Highly talented women do suffer the same fate: an above average woman is not wholly accepted in our societies at all. A woman has to be less than a man intellectually all the time. If she shows signs that she is outshining the husband, there won't be any peace in the home, problems. We have read the fate of women at home and in the Diaspora how such women met their fate by kitchen knives or anything that will leave woman without her soul. There are criminal cases going on in the UK and Canada presently of women killed by their spouses because they happened to be smart. Zimbabwe rates the highest femicide cases in the UK.

Our tradition of roora/lobola, child marriages and virg*nity testing are so outdated and out of line with enlightenment:  they put the women and girls in a vulnerable position; they are to a certain extent the root cause of femicide.  Roora/lobola subordinates the woman, puts a woman at a disadvantage because she already goes to her marriage as a second class persona. When there is violence at home it is accepted as measure of conflict resolution. The culture of silence puts the women at a great disadvantage: violence under such conditions of concealing gender-based violence does extend the suffering of women in the domestic homes. According to research, gender based violence serves to perpetuate men-power and control and is sustained by absolute silence. A "good woman" does not tell it to the mountains that she is abused in the matrimonial home. When women are killed by their intimate partners, it's when one wishes she could have told it all, rather too late.

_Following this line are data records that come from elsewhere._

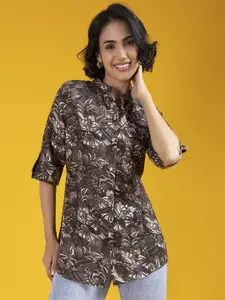 KALINI Women Classic Mandarin Collar Floral Printed Cotton Casual Shirt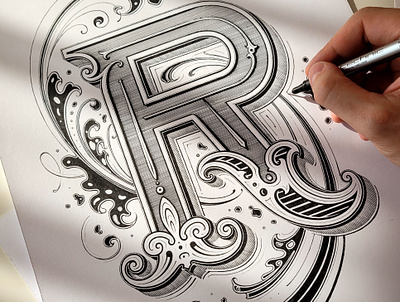 Letter R calligraphy design hand lettering lettering logo logotype type typography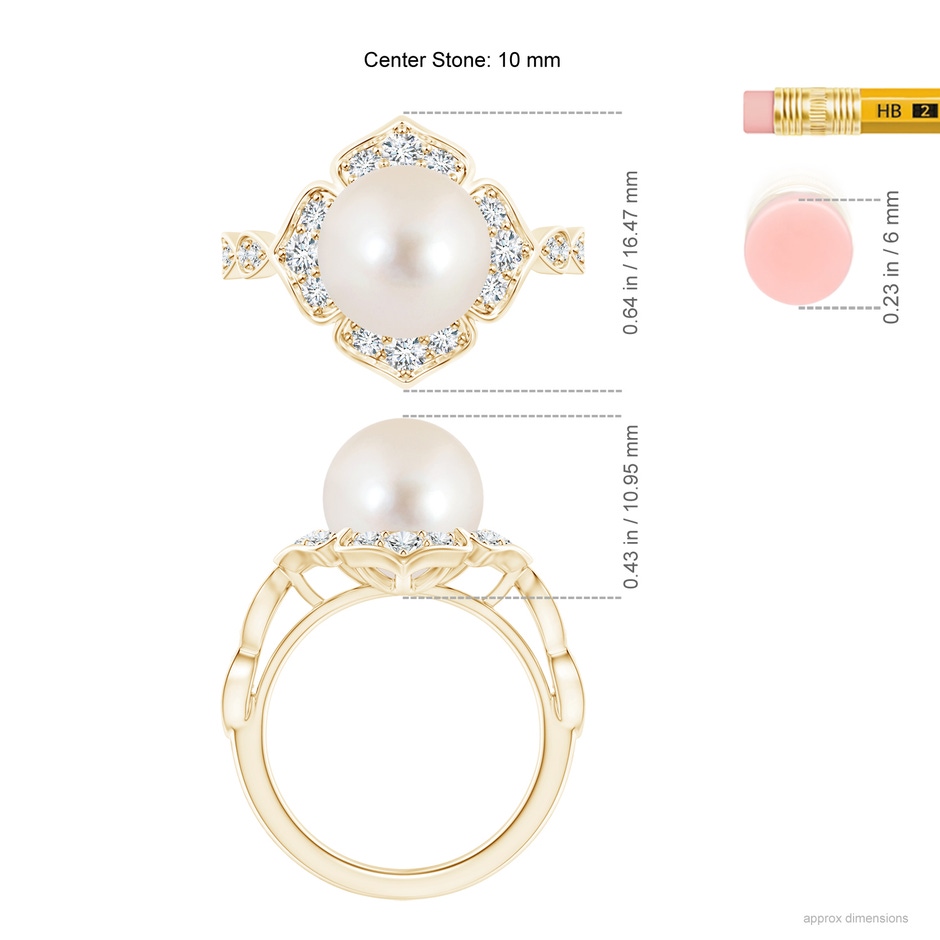 10mm AAAA Floral Vintage Inspired Freshwater Pearl Ring in Yellow Gold ruler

Women of all ages and girl-children experience sexual violence, physical violence, emotional violence, and psychological violence. Their vulnerability, coming from cultural and traditional practices perpetuates this subservient position of a woman it did not matter how old the woman is: a woman is addressed as a minor and has to behave like a minor towards men! It is also wholly accepted that women and girls can be physically punished by fathers and brothers and husband with absolute impunity. This leads to femicide in most cases.

Some US based author Barbara Mhangami suggests "the urgent need to eradicate gender violence, femicide and gender inequality. Evidence-based policies that specifically address femicide, its drivers and preventative measures must be drafted and implemented. It is imperative that this crisis is addressed through multi sectoral collaboration that attends to the root causes. Strategies must be backed by robust legislative and budgetary commitments and proper implementation of the law. Without immediate active commitment to this fight, the scales of injustice will not only escalate, but will weigh very heavy on our collective bodies and minds." Says Mhangami.

Despite the enactment of laws against gender-based violence, femicide remains very high in Zimbabwe. Khanyi Gumbo, Thank you a lot for that piece of work. If I am not wrong you could be a man. This makes our work to fight gender-based violence a lot easier because some men in our societies do not consider women as second class citizens but as equal partners in their marriages.